Her room is across the hall from her father's. It has a view of the city, solid blocks of buildings spread out below her and bisected by broad avenues pulsing with traffic. Her father leaves her to shower for dinner. She takes the clothes she's brought out of her suitcase, spreads them across her bed: a black dress for her audition that in Seattle had seemed, if not glamorous, at least elegant, but here looks dumpy and poorly cut, its black the wrong sort of black, its fabric the wrong sort of fabric; her khakis, still pressed neatly; a sweater; two turtlenecks; and underneath them, tucked away like a secret, the soft grey thermal shirt she stole with Cass. The air in the hotel room has the canned taste of airplane, but when she tugs at the window she realizes it's sealed shut. No jumpers allowed.
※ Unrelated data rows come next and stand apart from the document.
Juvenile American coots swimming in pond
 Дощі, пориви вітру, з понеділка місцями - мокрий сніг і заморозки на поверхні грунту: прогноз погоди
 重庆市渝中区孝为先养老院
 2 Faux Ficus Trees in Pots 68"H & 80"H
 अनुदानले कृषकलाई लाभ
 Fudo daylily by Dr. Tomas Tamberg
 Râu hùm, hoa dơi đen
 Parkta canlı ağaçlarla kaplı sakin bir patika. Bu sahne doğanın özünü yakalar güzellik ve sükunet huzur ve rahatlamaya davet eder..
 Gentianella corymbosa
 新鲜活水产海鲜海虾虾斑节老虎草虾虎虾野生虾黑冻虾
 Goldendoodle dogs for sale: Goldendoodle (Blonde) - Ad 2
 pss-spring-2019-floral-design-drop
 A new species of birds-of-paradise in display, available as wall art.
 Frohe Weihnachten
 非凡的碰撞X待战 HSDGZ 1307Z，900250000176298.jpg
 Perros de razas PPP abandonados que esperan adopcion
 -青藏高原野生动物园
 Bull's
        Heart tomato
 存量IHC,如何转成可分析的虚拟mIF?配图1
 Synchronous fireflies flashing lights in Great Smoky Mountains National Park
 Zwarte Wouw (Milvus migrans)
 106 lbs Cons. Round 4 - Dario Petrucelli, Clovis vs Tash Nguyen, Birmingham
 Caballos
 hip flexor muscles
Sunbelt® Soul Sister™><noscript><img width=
But the water in the shower is hot and the towels are deep and soft, and it's the kind of hotel that has a terrycloth bathrobe hanging on the back of the bathroom door. She looks at herself for a long time in the mirror, under the too-bright hotel bathroom lights that wash out her skin. Her eyes are tired and a little sad. Most of the dye has faded and now her hair is just bedraggled, the rough-cut ends a sickly, uneven pink. If she were Cass she would smoke in the no-smoking room, raid the hotel refrigerator, flip through all the channels, order a steak from room service. Would her dad notice the bill if she pillaged the wet bar? If he noticed, would he say anything? She opens the door, tallies up the tiny bottles of whiskey and gin. Nothing ventured, nothing gained: She gulps one down, not even caring what kind of alcohol it is, pictures Cass cheering her on. She tucks the empty bottle into the garbage under a pile of tissues, feeling pleasantly fuzzy. She brushes her teeth, puts on the stolen grey thermal and a pair of khakis, wishes she had brought her boots and Cass clothes. Her father knocks gently on the door as she's brushing her hair and she lets him in. “That's a nice shirt,” he says.